[Task objective]
Beginning with the line containing "Photo 9 from" and going on through the line containing "QR Code for KFC in Dallas, GA 30132", the lines below are to be returned exactly, pictures excluded and nothing added.

[Data]
# # #

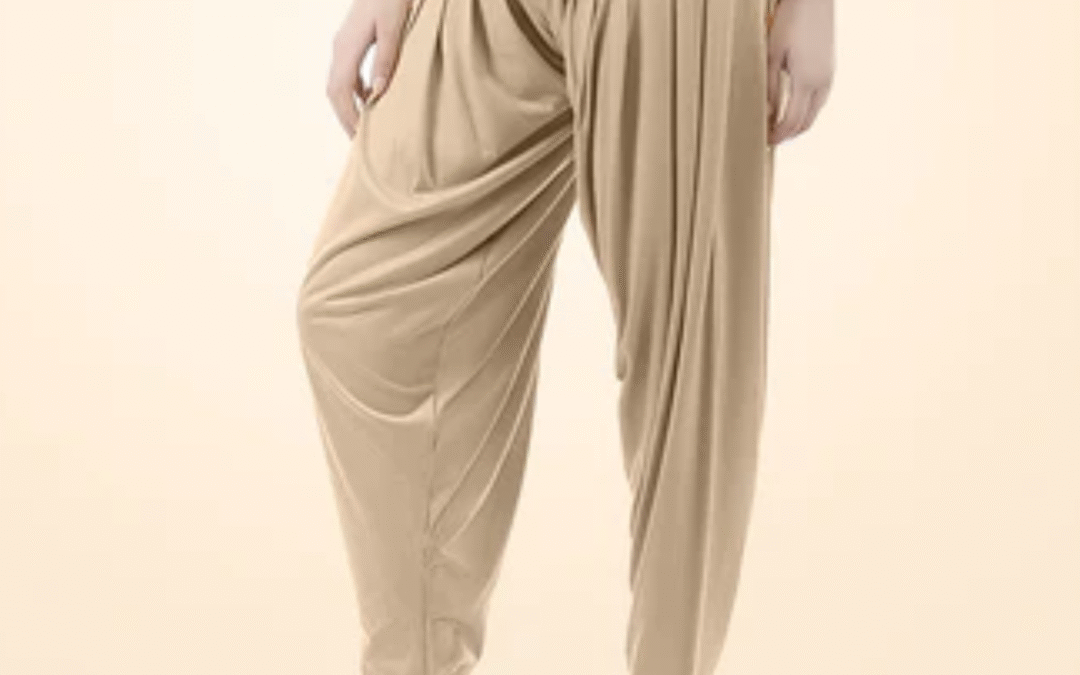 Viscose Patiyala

# # #

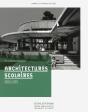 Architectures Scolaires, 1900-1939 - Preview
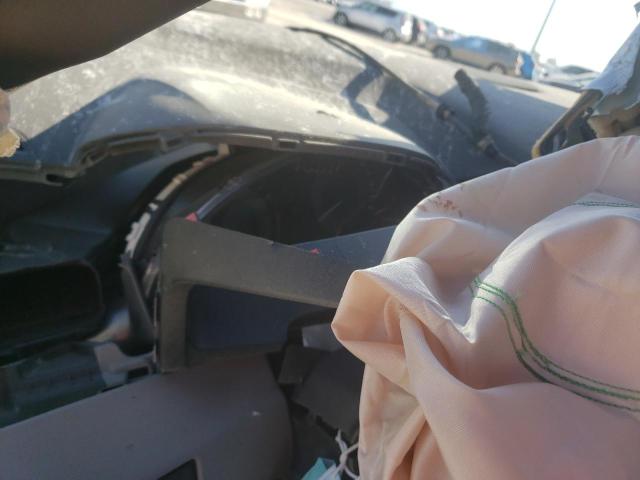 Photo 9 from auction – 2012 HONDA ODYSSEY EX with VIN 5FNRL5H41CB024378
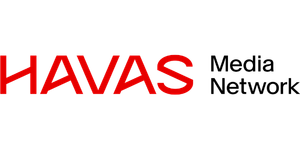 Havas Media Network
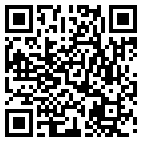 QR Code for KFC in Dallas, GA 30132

# # #

[Solved exercise]
 Photo 9 from auction – 2012 HONDA ODYSSEY EX with VIN 5FNRL5H41CB024378
 Havas Media Network
 QR Code for KFC in Dallas, GA 30132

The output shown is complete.